C’est z’ici que l’on voit cette fameuse paire de fées, ces fameuses bottes du fameux Petit Poucet, que la fameuse histoire, composée par ce fameux monsieur Perrault, z’a rendues si fameuses dans tout le fameux univers du monde entier, par la fameuse et unique vertu z’entr’autres de s’agrandir et s’apetisser suivant la jambe plus ou moins fameuse de celui qui les chausse : vertu malheureusement z’inconnue, Messieurs, de toutes les plus fameuses fées passées, présentes et à venir.

ARLEQUIN.

Le titre z’est d’une singulière singularité, Messieurs et dames ; mais la chose l’est z’encore davantage. Ainsi n’allez pas, suivant la mode, juger de l’homme par l’habit, z’et de la pièce par l’étriquette du sac, prendre not’parade pour quelqu’à


propos de bottes. C’est du tâtez-y, Messieurs, c’est du tâtez-y. Ne vous amusez point plus longtemps avec ces dames ; prenez vos billets et entrez dedans.

GILLES.

Vous allez voir paraître, Messieurs, Mesdames, cette fameuse Isabelle sans pareille, cette actrice t’inimitable qui joue la comédie comme ceux qui l’ont z’inventée z’en personnes naturelles.

ARLEQUIN.

D’autres que nous, Messieurs, vous crieraient z’à tue-tête que tous les princes et seigneurs d’Allemagne, d’Italie, de Danemark, d’Espagne, d’Angleterre, de Russie, de Maroc, d’Hollande, d’Égypte, de Portugal, de la Chine, de la Cochinchine, l’ont vue z’et revue ; mais nous ne sont pas de ces charlatans, Messieurs, et de ces aboyeux de foire qui ont besoin de parer leur marchandise, t’et nous pouvons nous vanter sans risque que chez notre Zirsabelle la viande prie les gens.

GILLES.

Nous conviendrons t’a la vérité, Messieurs, que cette z’incomparable Zirsabelle, t’avant que de venir en France, a été z’effectivement en Perse, z’en Suède t’et même z’en Bavière ; mais là comme z’ici elle ne s’est exercée que dans les sociétés particulières, et n’a jamais mis le pied sur z’aucun théâtre publique, non, Messieurs, t’et personne, mort z’ou vif, ne peut se vanter de l’y avoir vu mettre ni à Paris, ni en province, ni dans les pays étrangers tant que deçà que delà des mers.

SCÈNE I

ISABELLE, seule.

Je souhaite de tout mon cœur que mon ch’père z’ait ses affaires t’en aussi bon état qu’il veut nous le faire z’accroire ; mais en tout cas t’il faut qu’elles le tracassent furieusement, pour l’avoir t’obligé de sortir de si bon matin z’avec notre valet Gilles.

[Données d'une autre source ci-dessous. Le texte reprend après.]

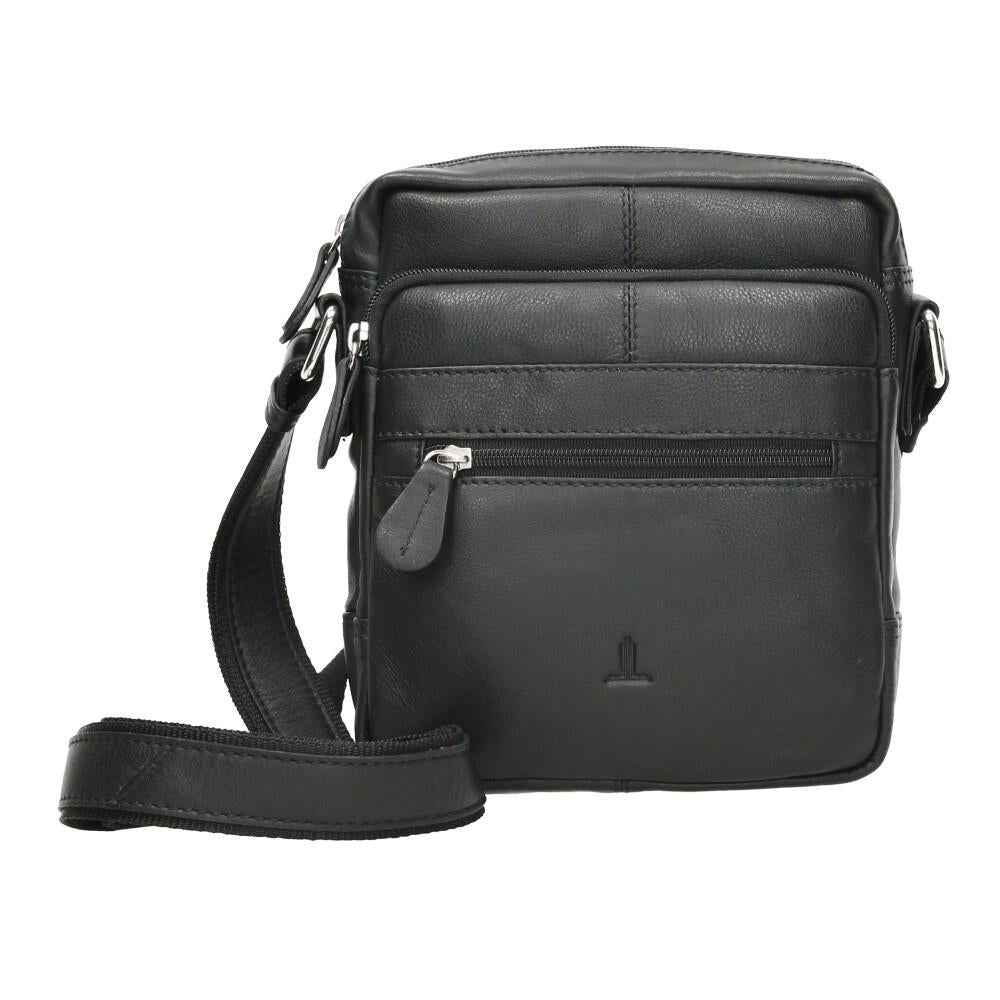 Vista frontal del bolso bandolera de hombre J.L Piel fabricado íntegramente en piel auténtica negra, con varios compartimentos de cremallera y diseño clásico para uso diario.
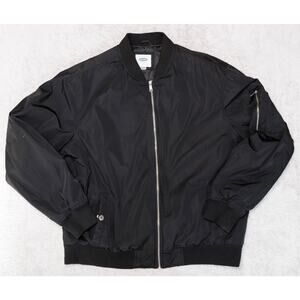 Old Navy Black Satin Insulated Bomber Jacket Mens Size XXL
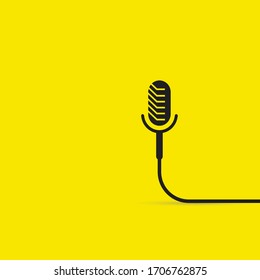 Podcast graphic microphone template design.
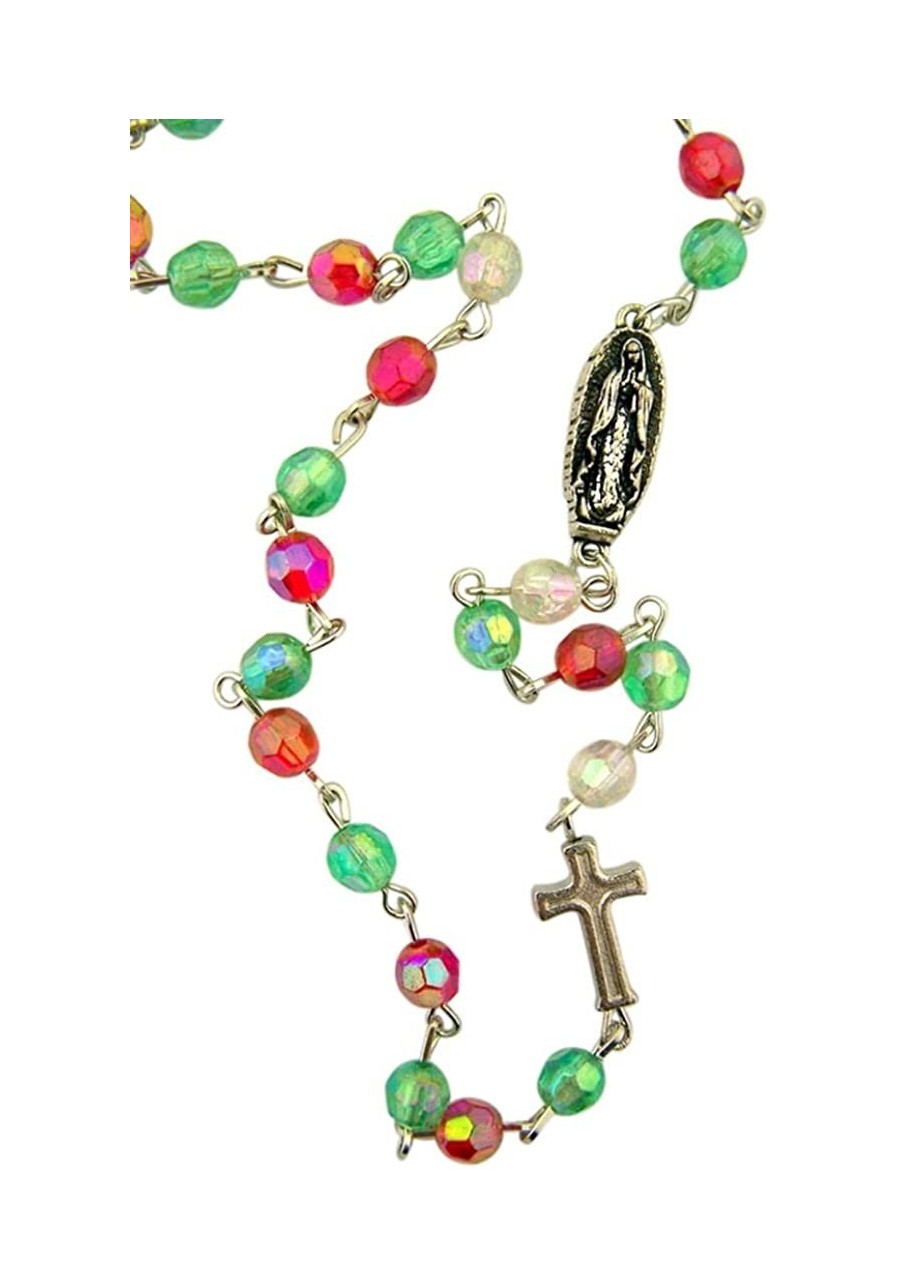 Our Lady of Guadalupe Red and Green Acrylic Bead Rosary Necklace 28 Inch $14.76 Pendants & Coins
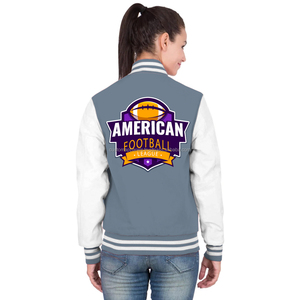 Classic Style Cotton <b>Quilted</b> Breathable Plain Dyed Custom Embroidered Women's Varsity Jacket - Product Image 4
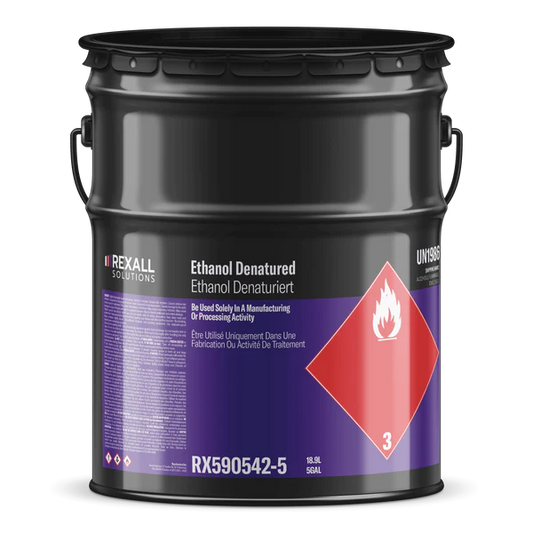 Rexall Ethanol Denatured 1 quart industrial solvent container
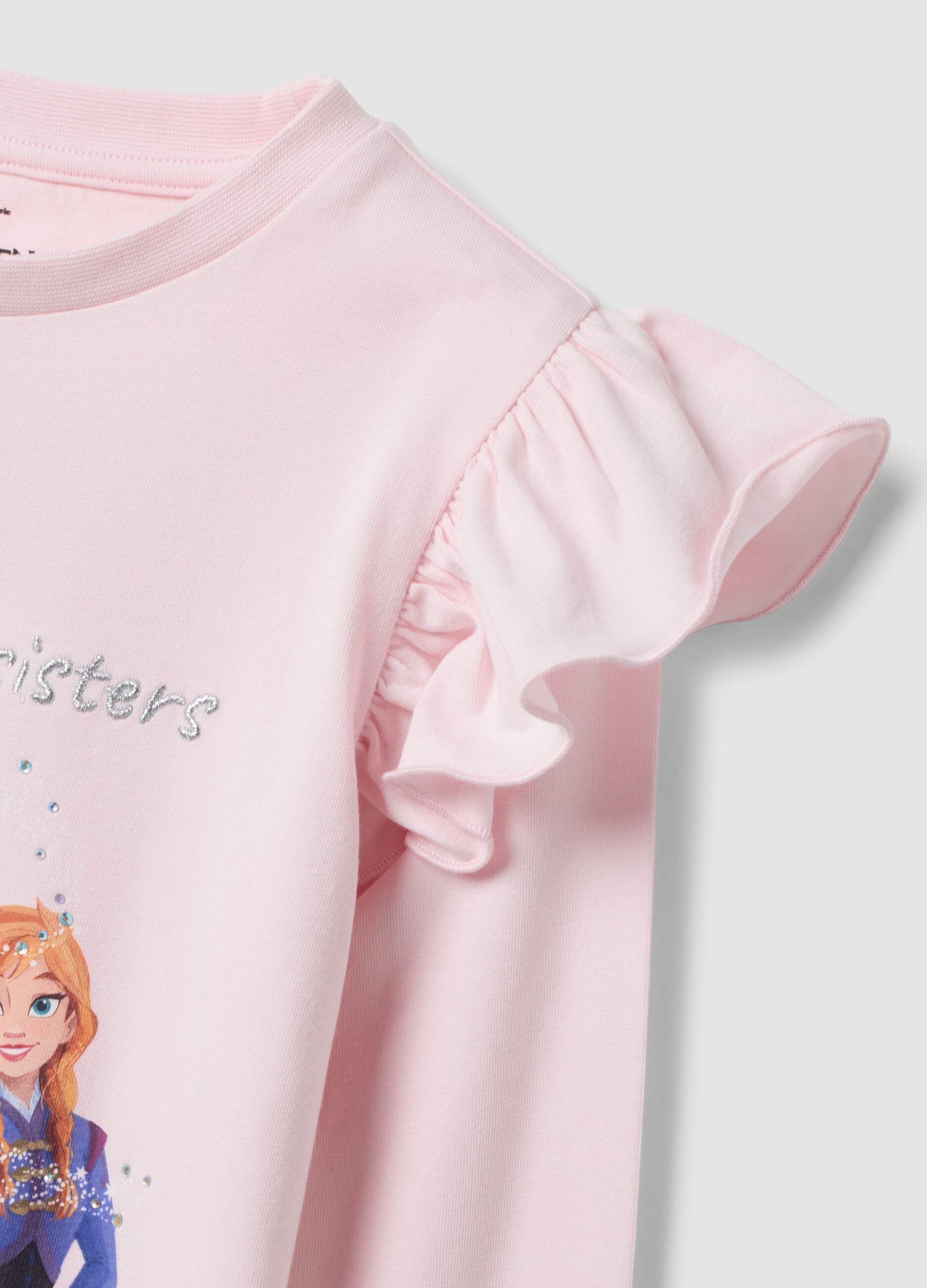 Girls&rsquo; pink stretch cotton T-shirt with ruffles and Frozen print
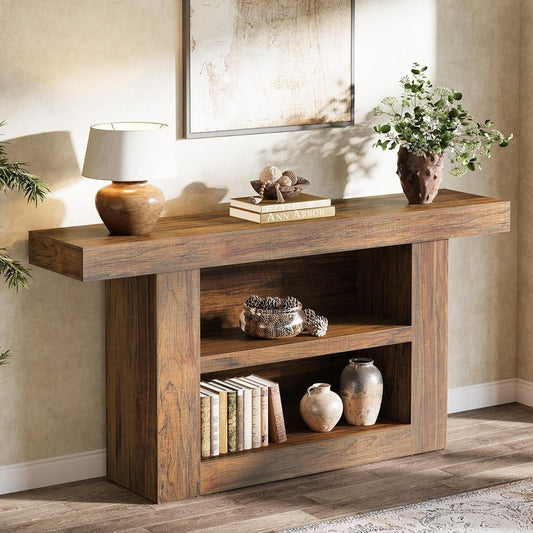 63" Console Table, 3-Tier Farmhouse Entryway Table with U-Shaped Base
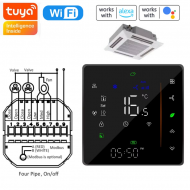 Thermostat HVAC intélligente  Tuya wifi Pour controle climatisation centrale  avec  vitesses de chauffage et de refroidissement 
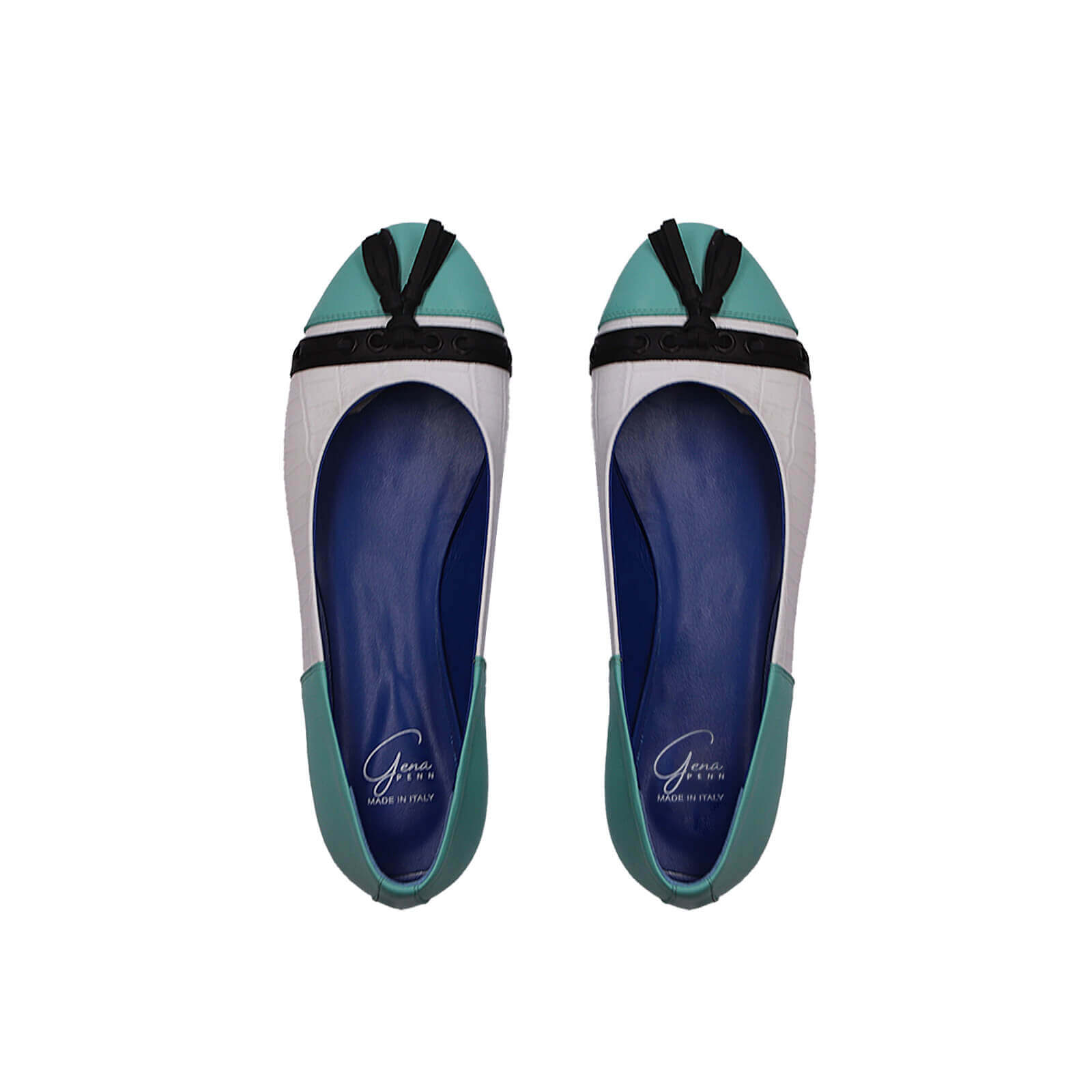 Adia Ballet Flats - Aquamarine Crocodile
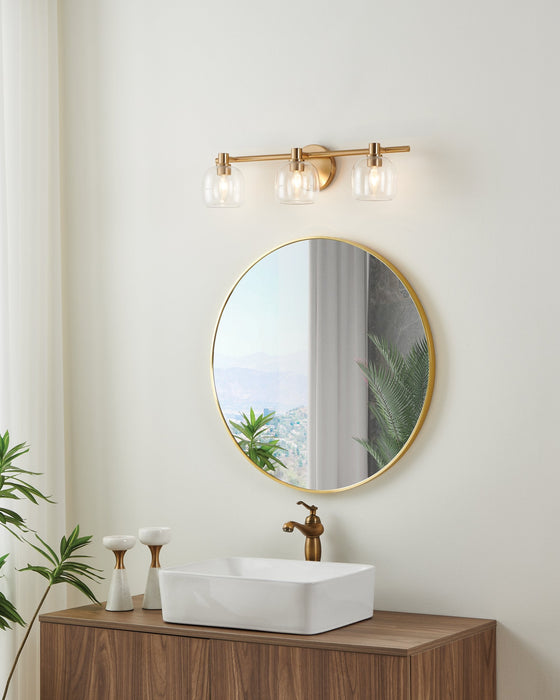 Vanity Light Thesis 207012A Valentina 24 inch 3 light Champagne Gold Vanity Light with Clear Glass Shades THESIS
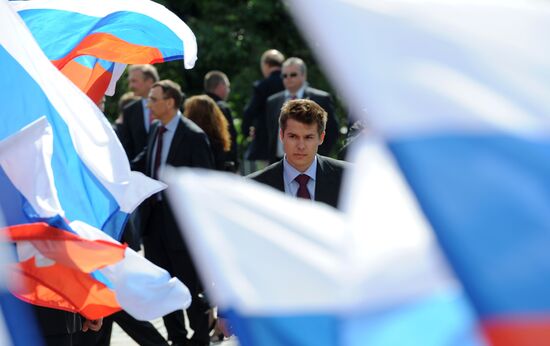 Russian national hockey team celebration parade in Moscow
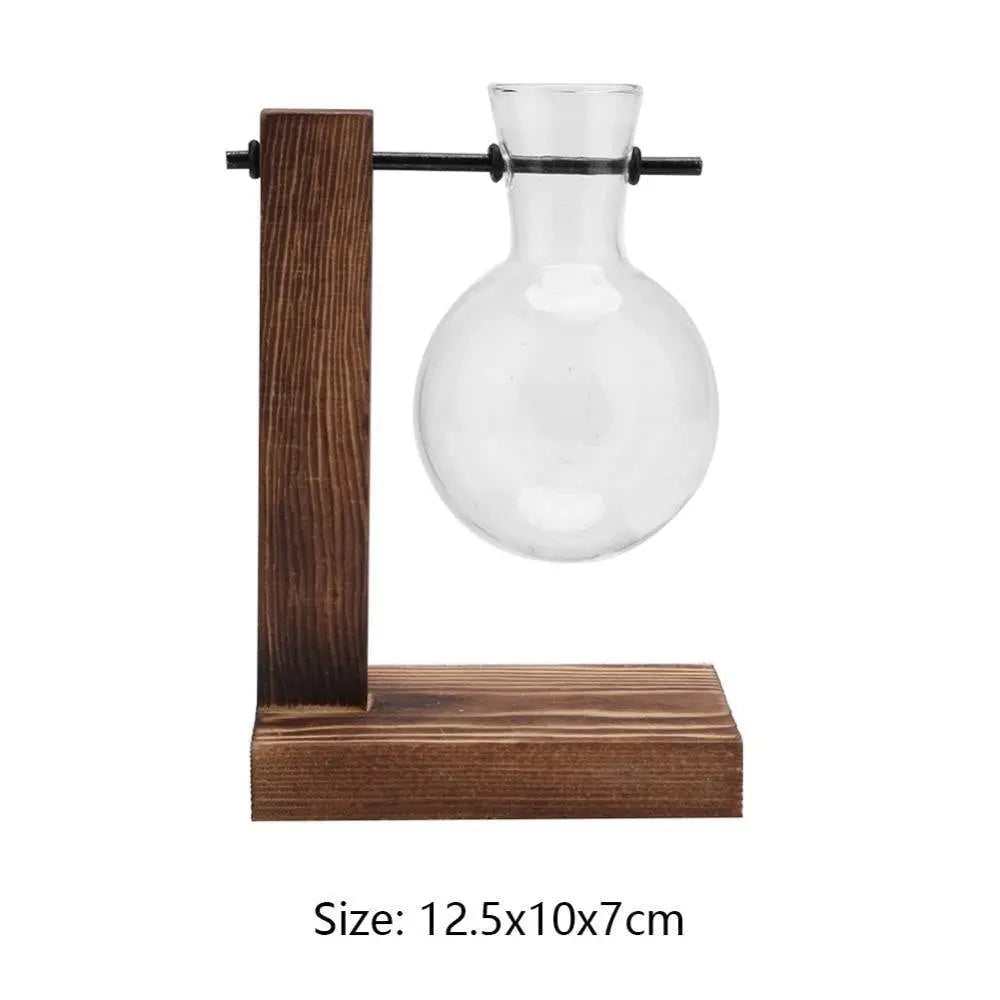 Nico | Glass Propagation Vase With Vertical Wooden Stand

Les bonnes gens, me croyant z’apparemment

  1. Cette parade, un peu moins épicée que celle de Jean Bête, et que nous avons, par conséquent, pu donner plus complète, est, comme elle, curieuse à étudier, pour qui veut connaître un peu certaines origines de l’esprit de Beaumarchais, et comprendre les échappées de verve paradiste qu’il s’était permises jusque dans le Barbier de Séville et le Mariage de Figaro, et qui auraient été dites à la scène si les comédiens, notamment Préville et Dazincourt, ne s’y fussent opposés aux dernières répétitions. Cette phrase que disait Figaro au Docteur, dans le premier acte du Mariage : « Bonjour, cher docteur de mon cœur, de mon âme et autres viscères » ; cette autre à Basile, que Dazincourt eut tant de peine à lui faire supprimer : « Si vous faites mine seulement d’approximer madame, la première dent qui vous tombera sera la mâchoire, et, voyez-vous mon poing fermé, voilà le dentiste » ; enfin cette autre encore dont lui fit reproche la Correspondance secrète, t. XIV, p. 394, où, après que Figaro avait dit : « Je voudrais être César », Suzanne répondait : « Et moi, j’aimerais mieux être Pompée… » ; tout cela sentait la parade. Il n’était donc pas inutile de faire voir par quelles farces de son premier temps Beaumarchais s’en était donné l’esprit, à tel point que, même pour ses pièces les plus sérieuses, il ne pouvait plus s’en défaire. Ed. F.